──────── Excerpted data

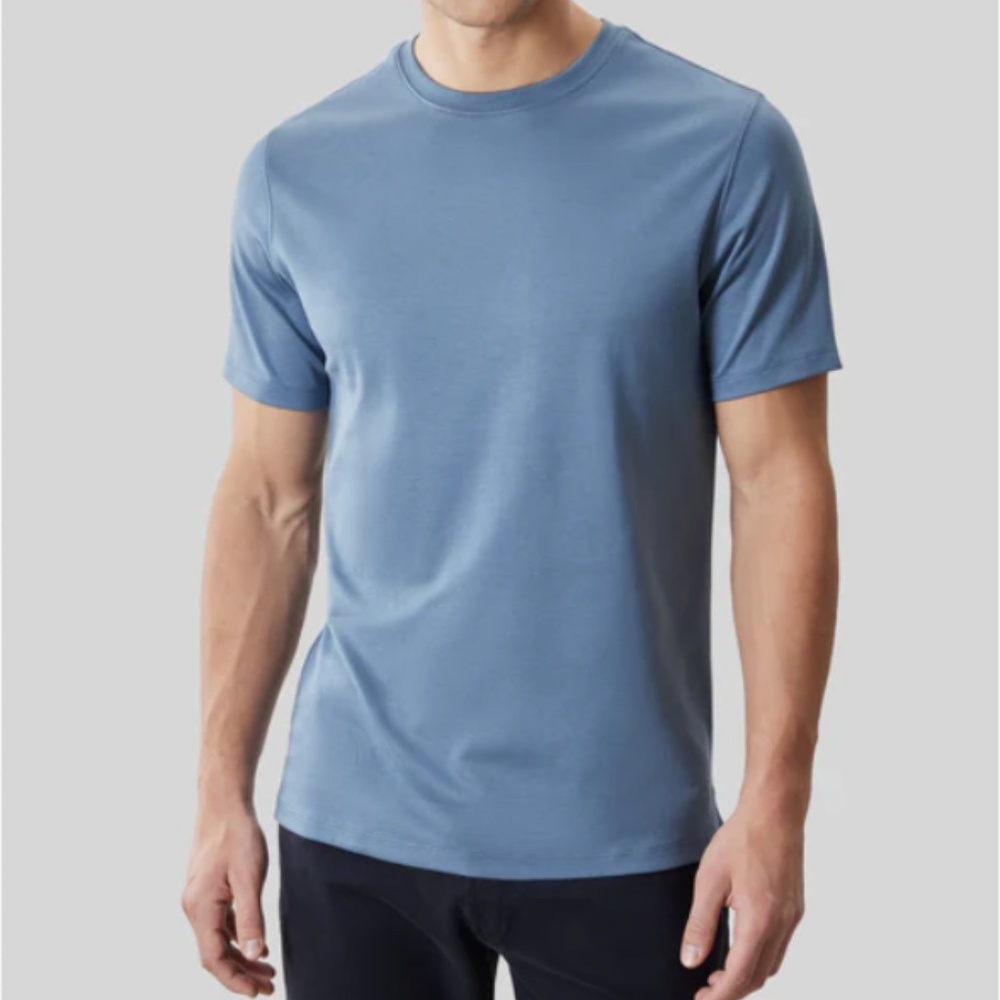 Robert Barakett Men's Crewneck T-Shirt in Ocean View Blue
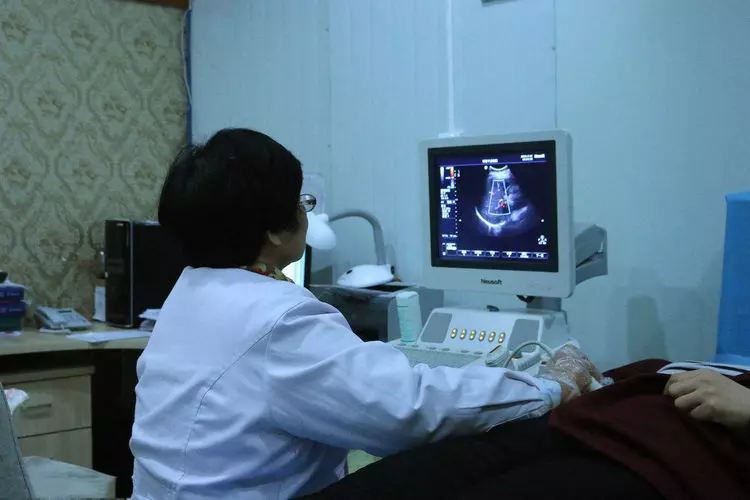 新婚夜女兒腹痛,女婿非說沒事,母親不放心,送去檢查後,報了警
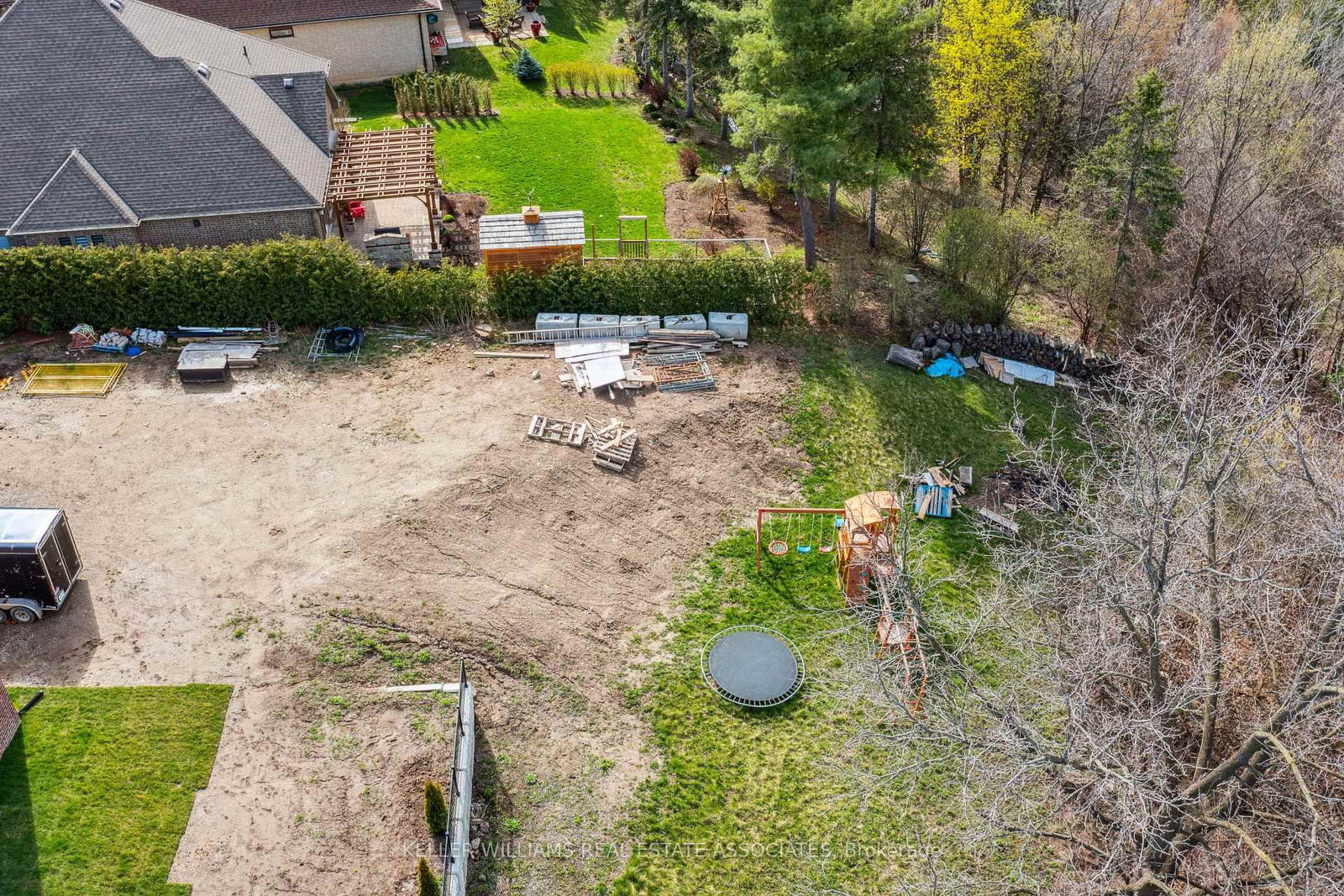 Listing Image 7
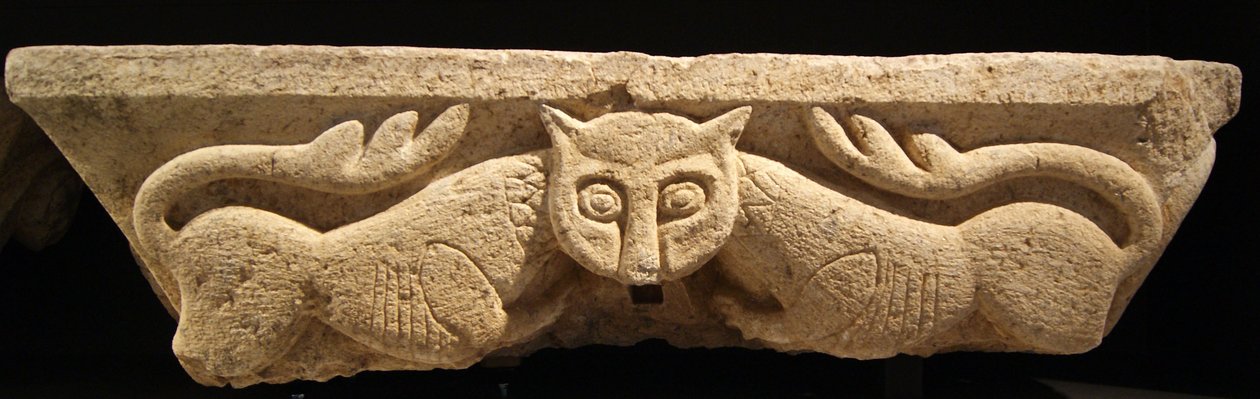 Capital Zoomórfico de uma das colunas originais. (granito) de Portuguese School
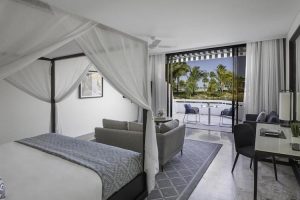 Hayman Island - Lagoon King Room – luxury short breaks on a private aircraft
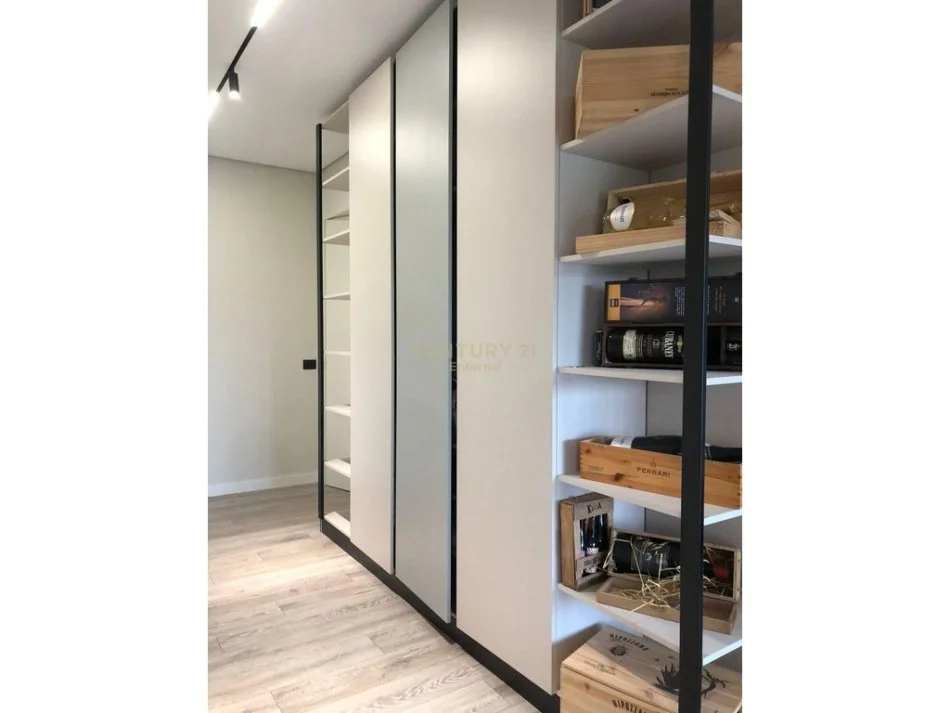 Tirane, jepet me qera apartament 2+1+Ballkon Kati 2, 144 m² 1.400 € (TEG)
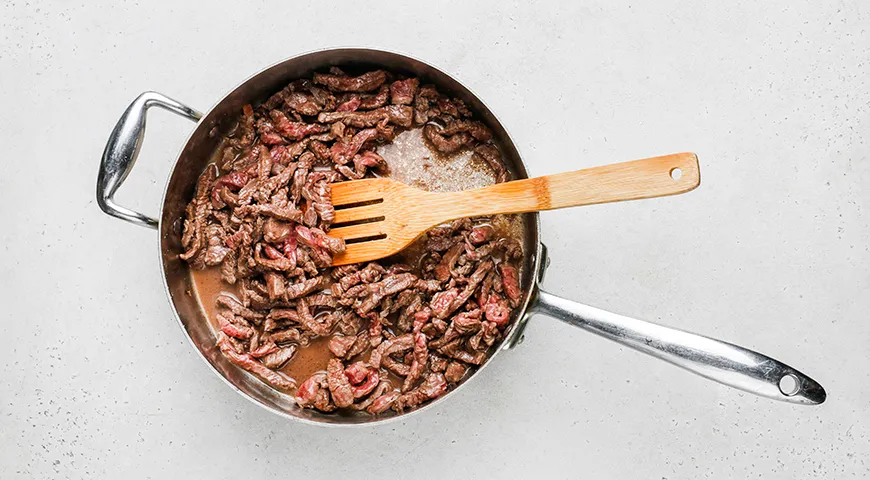 Капуста, тушённая с мясом по-домашнему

────────────────

→ About this exercise: When you write out the data, keep every line exact and drop the pictures.

→ Exercise response:
 Robert Barakett Men's Crewneck T-Shirt in Ocean View Blue
 新婚夜女兒腹痛,女婿非說沒事,母親不放心,送去檢查後,報了警
 Listing Image 7
 Capital Zoomórfico de uma das colunas originais. (granito) de Portuguese School
 Hayman Island - Lagoon King Room – luxury short breaks on a private aircraft
 Tirane, jepet me qera apartament 2+1+Ballkon Kati 2, 144 m² 1.400 € (TEG)
 Капуста, тушённая с мясом по-домашнему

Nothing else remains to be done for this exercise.